M7 – Analysis, part one

Analysis, part one: understanding the data

The validations of 2,617 witnesses produced the following data points (as of August 2025):

  • 189,441 variants;
  • Of these, 100,484 variants were distinct.

The finished validations were extracted from the Google Sheets by Roseingrave into JSON files. Including notes and comments left by our RAs and team members during the validation process, the combined JSON file initially consisted of roughly 1.2 million lines of data. It goes without saying that this is obviously beyond the analytical capabilities of any single person or even a group of people, which is why we employed several computerised approaches to make sense of this data.

Our most important task was to make the computer understand our notation system. Although we were careful to be as consistent and precise as possible, we were well aware that errors and typos may have crept in at various points. We therefore had to develop an approach that not only identified and catalogued all valid variants: the same approach should also be able to identify invalid variants and tell us exactly where these were.

Regular expressions are absolutely essential to this step.

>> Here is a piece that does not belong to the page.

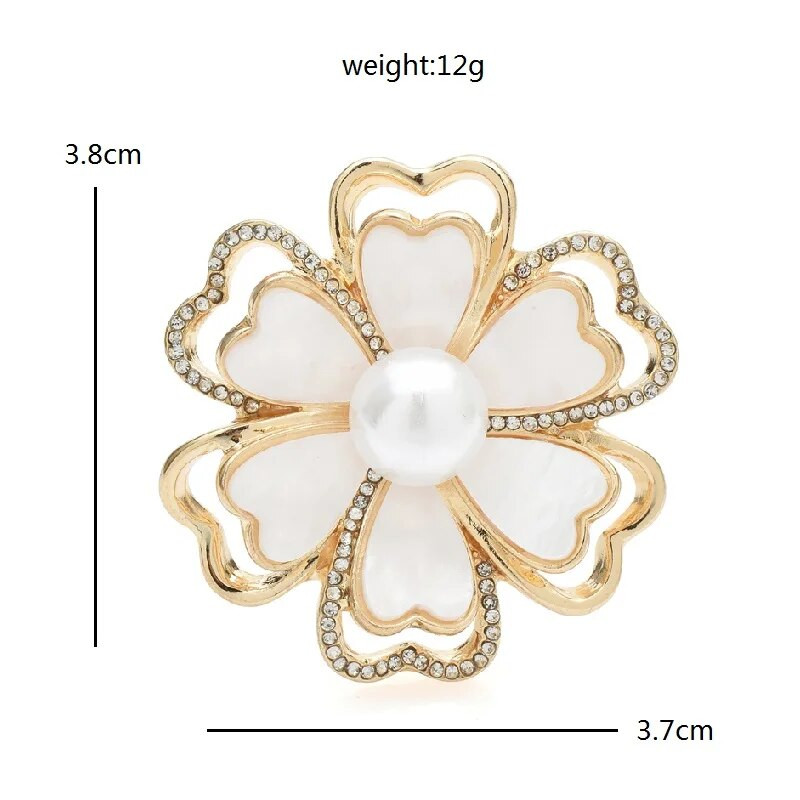 Wuli&baby Višeslojni Broševi s cvijećem za žene Unisex Dvobojni kamenčići Biserne biljke Party Uredski broš Igle Pokloni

A regular expression is ‘a sequence of characters that specifies as a match pattern in text’ (Wikipedia). Having built up a familiarity with our notation system through hundreds of collations and validations, regular expressions were used to tell the computer exactly what a valid variant is and which variant category it belongs to. We essentially created a dictionary for the computer to consult while going through each individual variant in our JSON file.

Take our variant 4a] c'. Its constituent parts are the following:

  • 4: the position in the bar;
  • a: the target note in the control;
  • ] : the closing square bracket and the non-optional whitespace indicate the separation between the control reading and the witness reading;
  • c': the reading in the witness.

Though our dictionary does not explicitly give the computer the understanding of what this variant is or what it means (we are not training the computer in any way), our script is able to recognise this above variant as belonging to the Pitch changed category.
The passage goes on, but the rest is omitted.